I wrote a blog post about this a while ago at

Hope that helps and that I didn't hijack this thread too far away from the intended purpose.


> Niall Litchfield wrote:
> So I'm revisiting the MAA whitepapers
> with
> a view to getting my old notes on how to setup dataguard properly in line
> for RAC
> I'm finding that the OracleNet config documentation is a bit light. Given a
> primary called CHICAGO and a standby called BOSTON, GLOBAL_DBNAME is
> CHIGACO.DOMAIN.COM they say that we should do the following
> at the primary site 1
> 1) set db_unique_name to CHICAGO1
> 2) add a tnsnames entry for BOSTON
> 3) set service_names = CHICAGO1
> at the standby site 1
> 1) set db_unique_name to BOSTON1
> 2) add a tnsnames entry for CHICAGO
> 3) set service_names = BOSTON1
> I reckon that leaves the listener at the primary knowing about a service of
> chicago1 and at the standby a service of boston1 - similary for the second
> nodes.
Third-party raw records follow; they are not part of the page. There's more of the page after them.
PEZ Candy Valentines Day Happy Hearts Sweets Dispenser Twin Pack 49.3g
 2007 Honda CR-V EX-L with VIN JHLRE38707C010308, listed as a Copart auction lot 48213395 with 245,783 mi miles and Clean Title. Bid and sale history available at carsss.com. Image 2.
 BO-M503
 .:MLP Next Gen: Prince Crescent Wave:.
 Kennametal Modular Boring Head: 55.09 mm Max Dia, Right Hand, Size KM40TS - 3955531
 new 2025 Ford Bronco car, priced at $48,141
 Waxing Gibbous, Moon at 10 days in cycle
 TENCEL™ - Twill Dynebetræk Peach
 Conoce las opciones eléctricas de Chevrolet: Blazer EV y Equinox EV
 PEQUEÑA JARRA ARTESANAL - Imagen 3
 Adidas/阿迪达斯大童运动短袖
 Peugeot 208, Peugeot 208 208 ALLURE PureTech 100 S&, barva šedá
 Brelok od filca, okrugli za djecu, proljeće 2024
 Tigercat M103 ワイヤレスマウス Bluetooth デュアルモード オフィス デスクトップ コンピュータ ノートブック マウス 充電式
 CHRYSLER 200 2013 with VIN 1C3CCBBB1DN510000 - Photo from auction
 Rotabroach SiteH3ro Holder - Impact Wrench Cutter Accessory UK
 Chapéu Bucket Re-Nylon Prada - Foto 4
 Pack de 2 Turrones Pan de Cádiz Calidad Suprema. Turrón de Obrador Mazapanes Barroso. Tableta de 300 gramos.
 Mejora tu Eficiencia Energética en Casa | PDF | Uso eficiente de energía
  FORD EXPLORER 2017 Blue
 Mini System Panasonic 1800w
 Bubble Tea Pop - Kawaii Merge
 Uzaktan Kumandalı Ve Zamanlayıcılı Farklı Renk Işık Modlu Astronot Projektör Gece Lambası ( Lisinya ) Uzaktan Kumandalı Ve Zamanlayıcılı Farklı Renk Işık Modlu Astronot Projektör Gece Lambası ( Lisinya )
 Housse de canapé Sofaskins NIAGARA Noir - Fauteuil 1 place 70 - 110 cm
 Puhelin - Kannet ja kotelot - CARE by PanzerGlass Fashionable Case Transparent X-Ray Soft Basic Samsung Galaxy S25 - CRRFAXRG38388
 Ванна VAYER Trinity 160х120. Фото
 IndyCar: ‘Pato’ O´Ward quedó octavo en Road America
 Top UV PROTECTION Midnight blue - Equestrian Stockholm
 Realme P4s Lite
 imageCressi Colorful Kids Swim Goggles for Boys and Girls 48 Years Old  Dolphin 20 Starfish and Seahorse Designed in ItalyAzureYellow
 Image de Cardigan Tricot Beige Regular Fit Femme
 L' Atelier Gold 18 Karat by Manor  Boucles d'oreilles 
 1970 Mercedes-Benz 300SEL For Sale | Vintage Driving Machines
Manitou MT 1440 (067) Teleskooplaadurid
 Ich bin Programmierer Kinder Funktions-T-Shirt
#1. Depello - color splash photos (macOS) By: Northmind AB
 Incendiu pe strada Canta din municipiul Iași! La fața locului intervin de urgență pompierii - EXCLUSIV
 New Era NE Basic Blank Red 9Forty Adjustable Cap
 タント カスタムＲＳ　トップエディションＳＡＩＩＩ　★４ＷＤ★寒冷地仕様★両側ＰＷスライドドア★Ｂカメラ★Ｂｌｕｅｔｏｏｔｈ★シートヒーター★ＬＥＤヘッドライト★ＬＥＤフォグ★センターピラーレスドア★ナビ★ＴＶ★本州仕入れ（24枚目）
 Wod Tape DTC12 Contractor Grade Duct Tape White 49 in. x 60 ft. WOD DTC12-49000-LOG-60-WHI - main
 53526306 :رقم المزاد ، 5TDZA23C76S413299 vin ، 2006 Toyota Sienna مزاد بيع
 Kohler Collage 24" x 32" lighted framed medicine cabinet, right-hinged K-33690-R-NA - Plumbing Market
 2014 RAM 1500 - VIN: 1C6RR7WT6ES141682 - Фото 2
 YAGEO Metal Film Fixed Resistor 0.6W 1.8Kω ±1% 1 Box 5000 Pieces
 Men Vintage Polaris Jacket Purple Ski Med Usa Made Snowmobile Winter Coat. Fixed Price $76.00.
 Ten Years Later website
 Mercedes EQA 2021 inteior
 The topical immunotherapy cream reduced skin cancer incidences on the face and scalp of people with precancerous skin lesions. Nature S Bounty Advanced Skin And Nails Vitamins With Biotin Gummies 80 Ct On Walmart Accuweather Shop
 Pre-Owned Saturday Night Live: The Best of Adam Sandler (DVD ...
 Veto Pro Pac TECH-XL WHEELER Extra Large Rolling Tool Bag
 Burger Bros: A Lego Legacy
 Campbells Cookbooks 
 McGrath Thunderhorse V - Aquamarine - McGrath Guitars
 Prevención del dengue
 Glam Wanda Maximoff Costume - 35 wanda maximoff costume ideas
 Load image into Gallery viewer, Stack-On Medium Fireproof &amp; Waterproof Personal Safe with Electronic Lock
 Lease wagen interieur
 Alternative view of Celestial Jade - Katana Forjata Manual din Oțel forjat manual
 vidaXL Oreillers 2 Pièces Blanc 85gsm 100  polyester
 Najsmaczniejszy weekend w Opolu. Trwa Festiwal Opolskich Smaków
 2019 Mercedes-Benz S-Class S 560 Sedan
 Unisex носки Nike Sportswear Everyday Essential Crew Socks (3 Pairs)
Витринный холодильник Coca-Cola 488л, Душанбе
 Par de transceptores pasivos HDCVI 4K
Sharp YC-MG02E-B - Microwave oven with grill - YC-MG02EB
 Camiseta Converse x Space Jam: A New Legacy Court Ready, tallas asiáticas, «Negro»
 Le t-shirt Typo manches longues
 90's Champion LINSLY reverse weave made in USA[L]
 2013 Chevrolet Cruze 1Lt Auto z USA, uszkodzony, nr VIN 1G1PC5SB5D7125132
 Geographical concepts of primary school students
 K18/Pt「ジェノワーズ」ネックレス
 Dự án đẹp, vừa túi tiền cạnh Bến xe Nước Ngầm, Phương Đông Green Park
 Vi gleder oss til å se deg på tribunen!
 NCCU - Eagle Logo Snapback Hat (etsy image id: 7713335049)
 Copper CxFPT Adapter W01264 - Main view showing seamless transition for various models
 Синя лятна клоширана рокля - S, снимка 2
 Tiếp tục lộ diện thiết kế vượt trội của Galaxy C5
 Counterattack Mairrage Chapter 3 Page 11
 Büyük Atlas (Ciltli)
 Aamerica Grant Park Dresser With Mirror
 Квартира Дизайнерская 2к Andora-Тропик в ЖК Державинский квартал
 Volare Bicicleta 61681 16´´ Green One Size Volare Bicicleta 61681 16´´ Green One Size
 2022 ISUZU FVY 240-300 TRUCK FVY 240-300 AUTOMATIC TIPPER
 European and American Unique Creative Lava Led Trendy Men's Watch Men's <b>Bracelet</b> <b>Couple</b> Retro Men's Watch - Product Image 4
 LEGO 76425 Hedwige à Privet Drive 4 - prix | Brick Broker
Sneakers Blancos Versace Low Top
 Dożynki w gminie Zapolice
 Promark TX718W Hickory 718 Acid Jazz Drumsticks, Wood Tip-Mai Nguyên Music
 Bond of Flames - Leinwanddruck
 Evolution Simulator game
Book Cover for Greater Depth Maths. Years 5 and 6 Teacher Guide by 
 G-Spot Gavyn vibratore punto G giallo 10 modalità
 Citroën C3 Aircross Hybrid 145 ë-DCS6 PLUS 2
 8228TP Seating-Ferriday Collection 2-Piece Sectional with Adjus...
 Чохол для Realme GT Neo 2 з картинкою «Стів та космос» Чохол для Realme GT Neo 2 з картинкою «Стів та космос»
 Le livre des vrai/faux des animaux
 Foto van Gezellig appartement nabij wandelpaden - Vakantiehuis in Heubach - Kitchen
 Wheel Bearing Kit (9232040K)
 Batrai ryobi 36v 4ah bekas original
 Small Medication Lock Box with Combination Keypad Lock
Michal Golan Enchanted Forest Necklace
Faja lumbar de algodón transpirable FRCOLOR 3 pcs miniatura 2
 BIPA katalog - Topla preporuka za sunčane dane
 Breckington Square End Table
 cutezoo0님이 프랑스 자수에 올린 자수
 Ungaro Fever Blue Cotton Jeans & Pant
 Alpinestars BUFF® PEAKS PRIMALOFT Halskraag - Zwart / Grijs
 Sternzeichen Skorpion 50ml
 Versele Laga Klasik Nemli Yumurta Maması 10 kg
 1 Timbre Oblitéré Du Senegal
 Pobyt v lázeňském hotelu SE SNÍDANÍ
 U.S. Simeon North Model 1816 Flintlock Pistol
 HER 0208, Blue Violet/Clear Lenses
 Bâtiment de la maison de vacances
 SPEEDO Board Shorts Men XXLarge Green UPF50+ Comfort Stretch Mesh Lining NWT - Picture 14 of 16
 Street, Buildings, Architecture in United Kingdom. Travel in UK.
Wouldn't that mean the client tnsnames would need to be looking for a
> different service depending on which listener they contacted? That seems
> wrong.
> they also talk about setting the LOCAL_LISTENER to LISTENERS_CHIGACO and
> LISTENERS_BOSTON but don't mention those tnsnames at all - I assume they are
> just load balanced tnsnames entries for all the listeners in the local
> cluster?
> Am I missing something - before I try to fire up 4 VMs to test this out?
> If anyone has a complete set of sqlnet config files they'd be willing to
> share off list (and sanitised for machines obviously) that would probably
> help.
> --
> Niall Litchfield
> Oracle DBA
> fighting a horrible, horrible cold and wanting to sleep.